## Data:
────────────────────
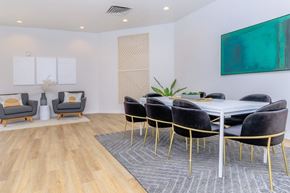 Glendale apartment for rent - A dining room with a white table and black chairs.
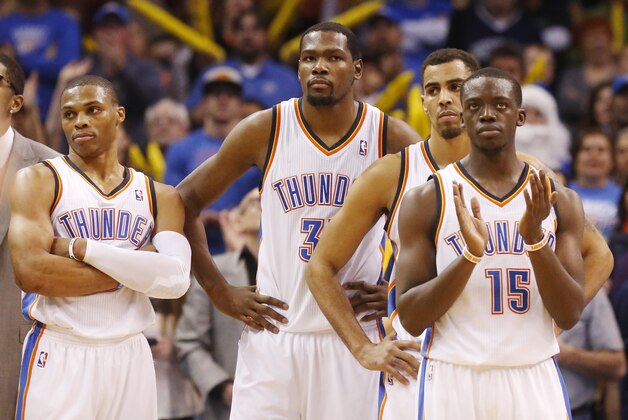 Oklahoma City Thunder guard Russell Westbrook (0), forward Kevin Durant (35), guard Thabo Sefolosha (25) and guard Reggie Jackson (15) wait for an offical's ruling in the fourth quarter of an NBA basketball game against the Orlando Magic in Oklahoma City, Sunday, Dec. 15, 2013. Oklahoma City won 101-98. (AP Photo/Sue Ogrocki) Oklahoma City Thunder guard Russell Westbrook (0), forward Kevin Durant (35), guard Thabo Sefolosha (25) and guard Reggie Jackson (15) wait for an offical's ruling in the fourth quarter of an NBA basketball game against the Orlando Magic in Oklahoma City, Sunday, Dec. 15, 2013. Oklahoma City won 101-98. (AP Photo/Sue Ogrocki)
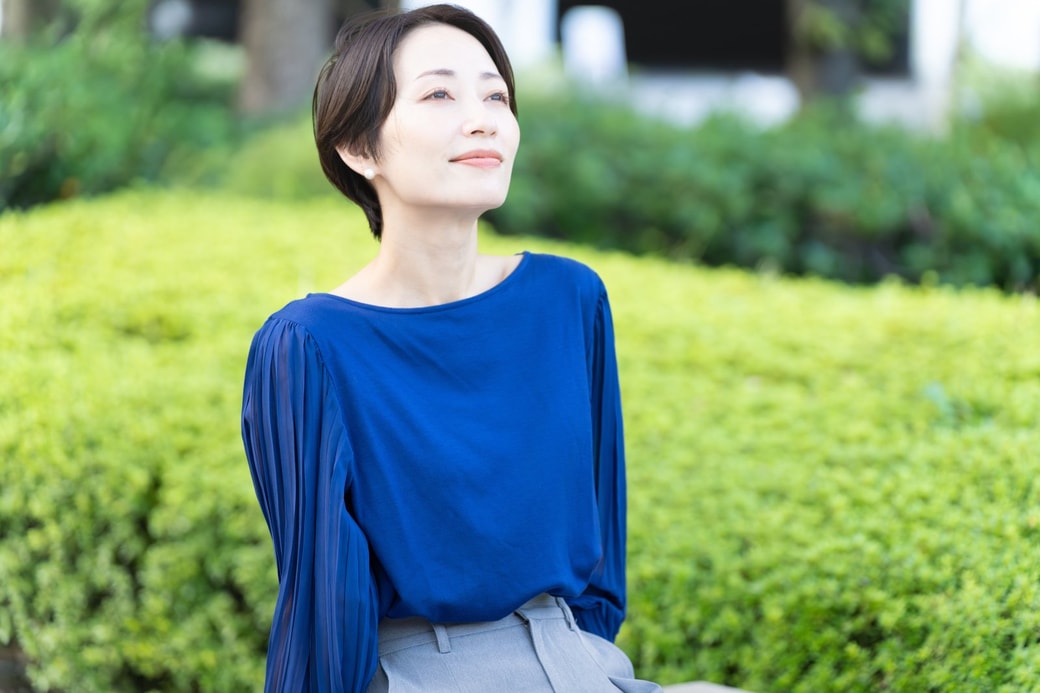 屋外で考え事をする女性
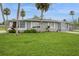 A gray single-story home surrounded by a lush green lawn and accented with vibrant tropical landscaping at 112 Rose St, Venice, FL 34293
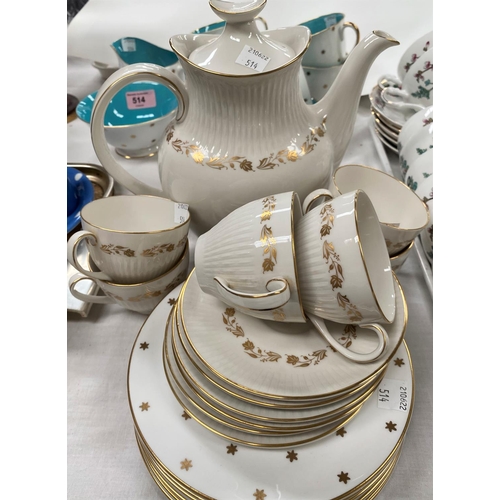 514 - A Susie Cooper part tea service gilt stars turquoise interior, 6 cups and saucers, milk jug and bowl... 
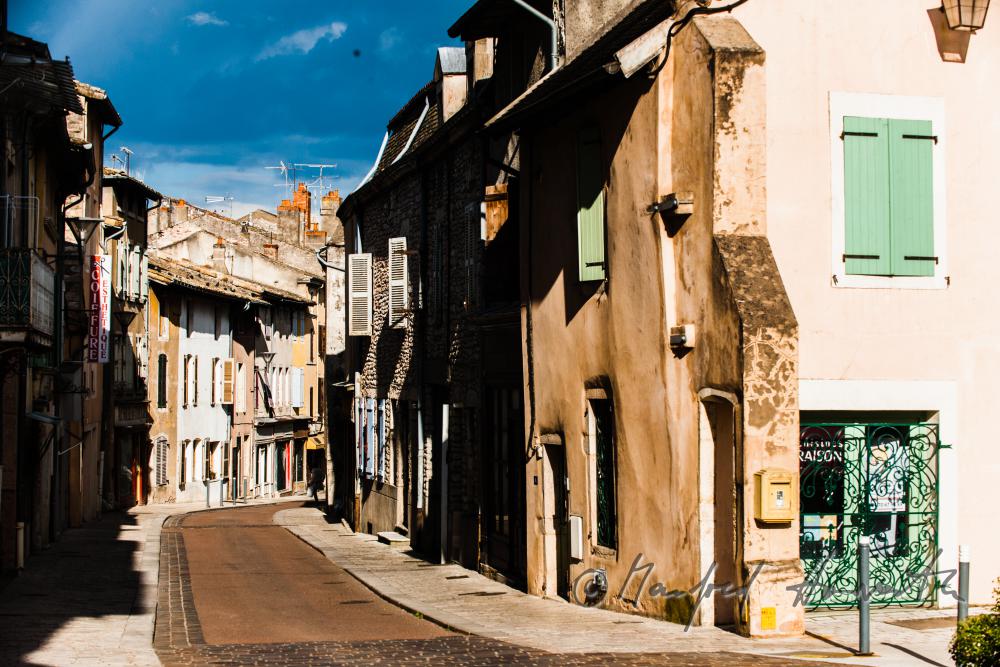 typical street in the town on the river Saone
────────────────────
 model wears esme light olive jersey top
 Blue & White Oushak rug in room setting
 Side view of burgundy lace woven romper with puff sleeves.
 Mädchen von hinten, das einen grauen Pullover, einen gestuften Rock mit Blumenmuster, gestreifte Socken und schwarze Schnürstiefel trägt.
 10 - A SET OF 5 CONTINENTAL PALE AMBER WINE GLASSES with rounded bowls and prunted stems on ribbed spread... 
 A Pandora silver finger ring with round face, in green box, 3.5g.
────────────────────
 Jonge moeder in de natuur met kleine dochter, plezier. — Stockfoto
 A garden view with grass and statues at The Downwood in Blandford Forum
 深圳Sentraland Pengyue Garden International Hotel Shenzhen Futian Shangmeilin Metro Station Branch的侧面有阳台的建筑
────────────────────
## Prompt:
In the listing above, find the line with "Blue & White Oushak rug in room setting" and the line with "A Pandora silver", then reproduce both and every line between them exactly.

## Answer box:
 Blue & White Oushak rug in room setting
 Side view of burgundy lace woven romper with puff sleeves.
 Mädchen von hinten, das einen grauen Pullover, einen gestuften Rock mit Blumenmuster, gestreifte Socken und schwarze Schnürstiefel trägt.
 10 - A SET OF 5 CONTINENTAL PALE AMBER WINE GLASSES with rounded bowls and prunted stems on ribbed spread... 
 A Pandora silver finger ring with round face, in green box, 3.5g.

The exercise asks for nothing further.